De leden van de fractie van D66 constateren dat vanuit de sector wordt gesuggereerd dat er in het ontwerpbesluit te weinig efficiëntieprikkels zijn opgenomen voor de kosten voor infrabeheer en dat de Europese Richtlijnen meer en verdergaande prikkels verlangen. Herkent de Staatssecretaris deze kritiek en hebben partijen daarmee een punt? Kan de Staatssecretaris haar antwoord toelichten? Welke prikkels zijn u door de sector gesuggereerd maar zijn niet overgenomen en waarom zijn die niet overgenomen? Welke alternatieve prikkels zijn wel afgewogen maar niet opgenomen. Waarom niet?
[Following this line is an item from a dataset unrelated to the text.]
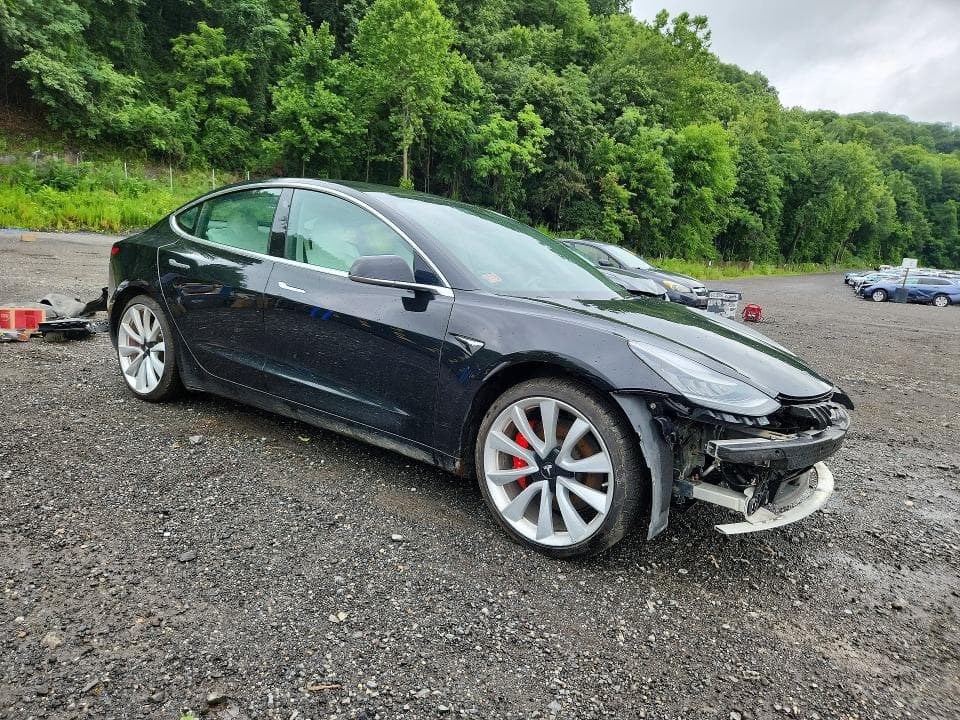 2019 TESLA MODEL 3 4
In antwoord op de vraag over de door de sector gesuggereerde prijsprikkels en afgewogen prijsprikkels kan ik aangeven dat ik indachtig de wens van de meeste spoorvervoerders het aantal prijsprikkels beperkt heb willen houden. Hiervoor verwijs ik ook naar mijn beantwoording van de vraag van de VVD-fractie of al de verschillende regelingen (prijsprikkels) het geheel niet complexer maken.

De prijsprikkels die vanuit de richtlijn in de Spoorwegwet geïmplementeerd zijn en niet in het ontwerpbesluit (of elders in regelgeving) opgenomen zijn, betreffen:

  • de korting vanwege besparing op administratieve lasten bij ProRail, aangezien die besparingen welhaast onmogelijk aan te tonen zijn en deze korting daardoor niet uitvoerbaar is;

  • de korting ter ontwikkeling van nieuwe spoordiensten, aangezien het initiatief tot de ontwikkeling van nieuwe spoordiensten bij spoorvervoerders of concessieverleners ligt (en niet bij ProRail). Dit is voorts de prijsprikkel die door de spoorsector gesuggereerd en niet overgenomen is.


X Noot
1

Kamerstuk 29 984, nr. 672.

X Noot
2

Kamerstuk 34 300 XII, nr. 58.

X Noot
3

Kamerstuk 29 984, nr. 670.

X Noot
4

Kamerstuk 33 965, nr. 23.

X Noot
5

Kamerstuk 29 984, nr. 621.

X Noot
6

Kamerstuk 29 984, nr. 669.

X Noot
7

Kamerstuk 34 000 A, nr. 17.

X Noot
8

Kamerstuk 34 000 A, nr. 61.

X Noot
9

Kamerstuk 29 984, nr. 721.

X Noot
10

Kamerstuk 22 026, nr. 495.

X Noot
11

Kamerstuk 29 984, nr. 720.

X Noot
12

Kamerstuk 33 965, nr. 23.

X Noot
13

Kamerstuk 29 984, nr. 672.

X Noot
14

Kamerstuk 29 984, nr. 712.

X Noot
15

Kamerstuk 30 373, nr. 66.

X Noot
16

Raadpleegbaar via www.tweedekamer.nl.